> _The problem_: Whatever pictures appear, omit them, and repeat the data below exactly.

___ Dataset extract ___

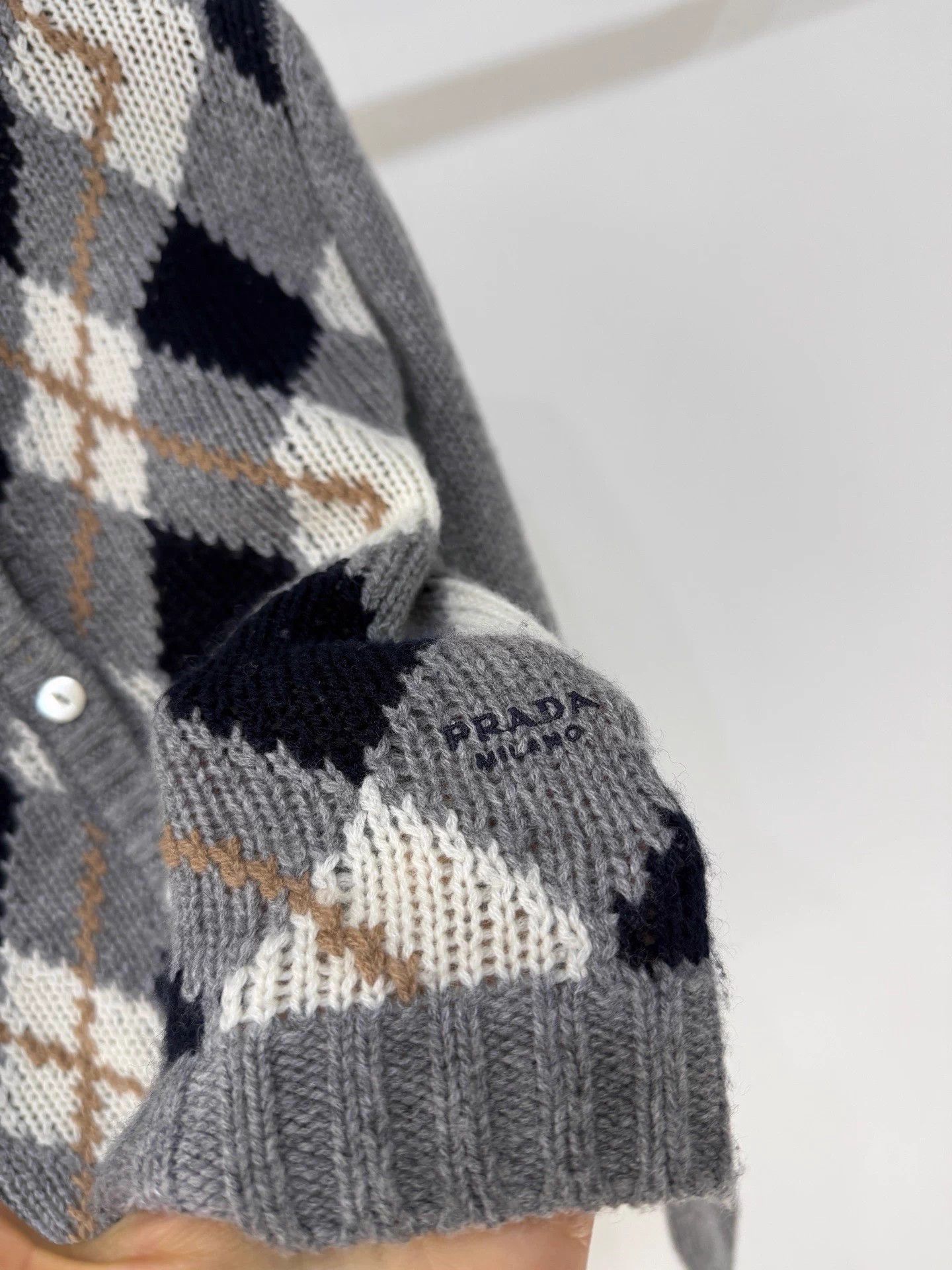 Prada Prada 26SS Argyle Cashmere Cardigan 36 Size XS / US 0-2 / IT 36-38 - 3 Thumbnail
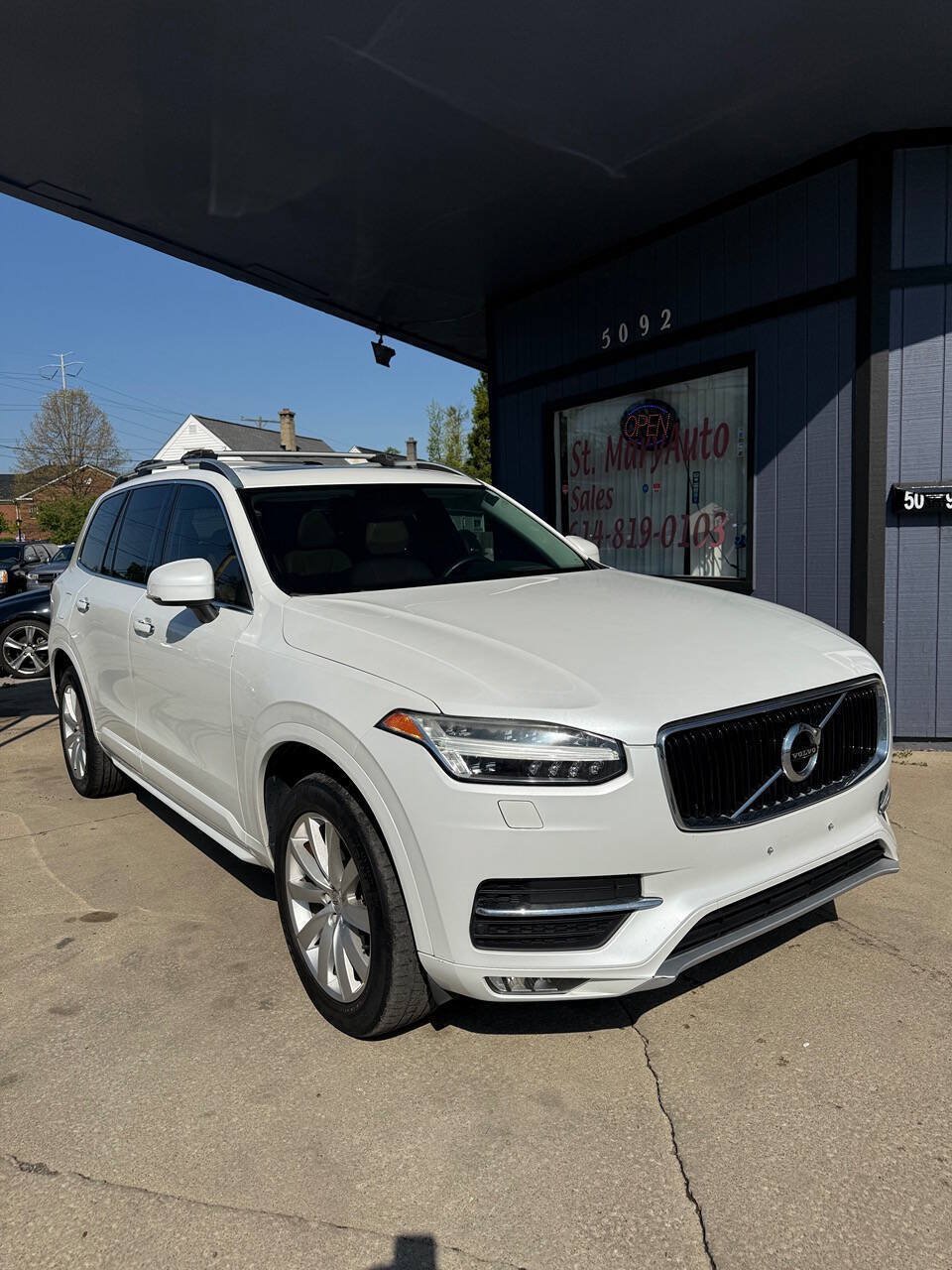 Used 2016 Volvo XC90 T6 Momentum
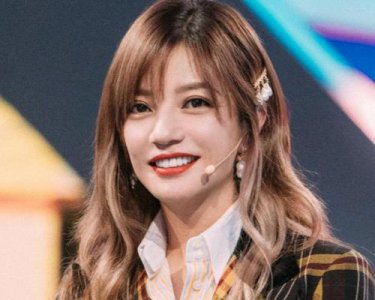 ​邹雪赵薇军旗事件怎么回事真相深扒(赵薇 军旗 事件)
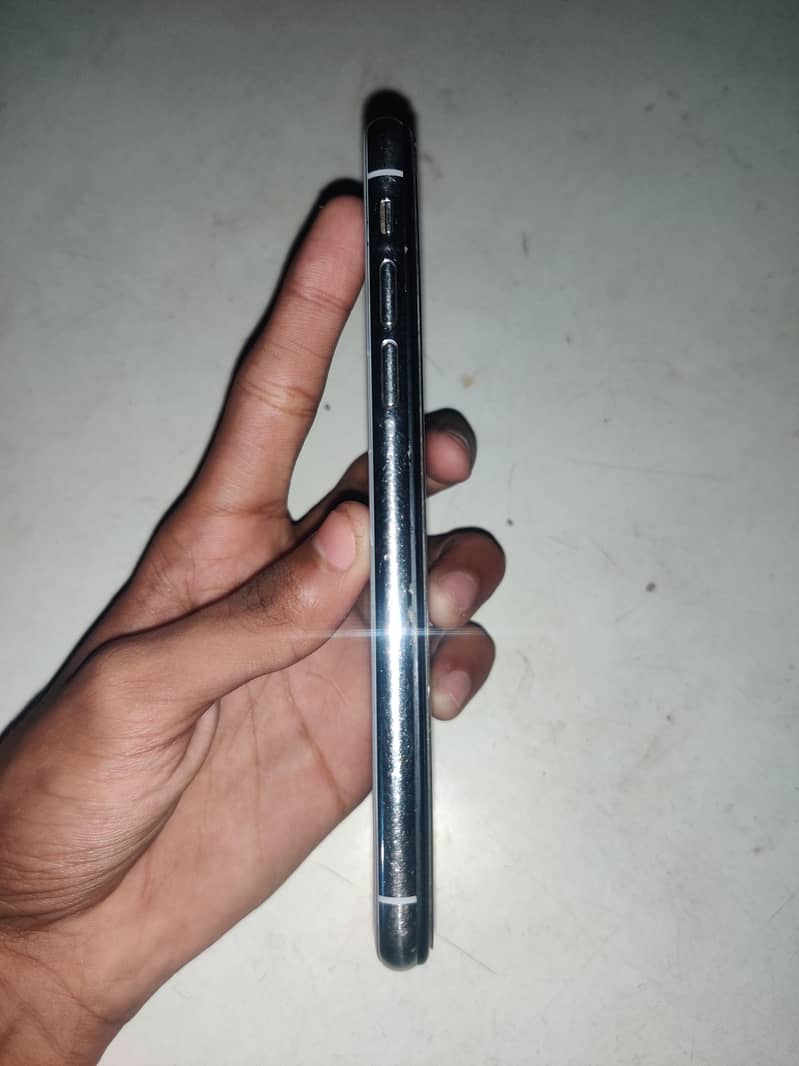Apple iPhone XS 3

___

> _Finished exercise_:
 Prada Prada 26SS Argyle Cashmere Cardigan 36 Size XS / US 0-2 / IT 36-38 - 3 Thumbnail
 Used 2016 Volvo XC90 T6 Momentum
 ​邹雪赵薇军旗事件怎么回事真相深扒(赵薇 军旗 事件)
Apple iPhone XS 3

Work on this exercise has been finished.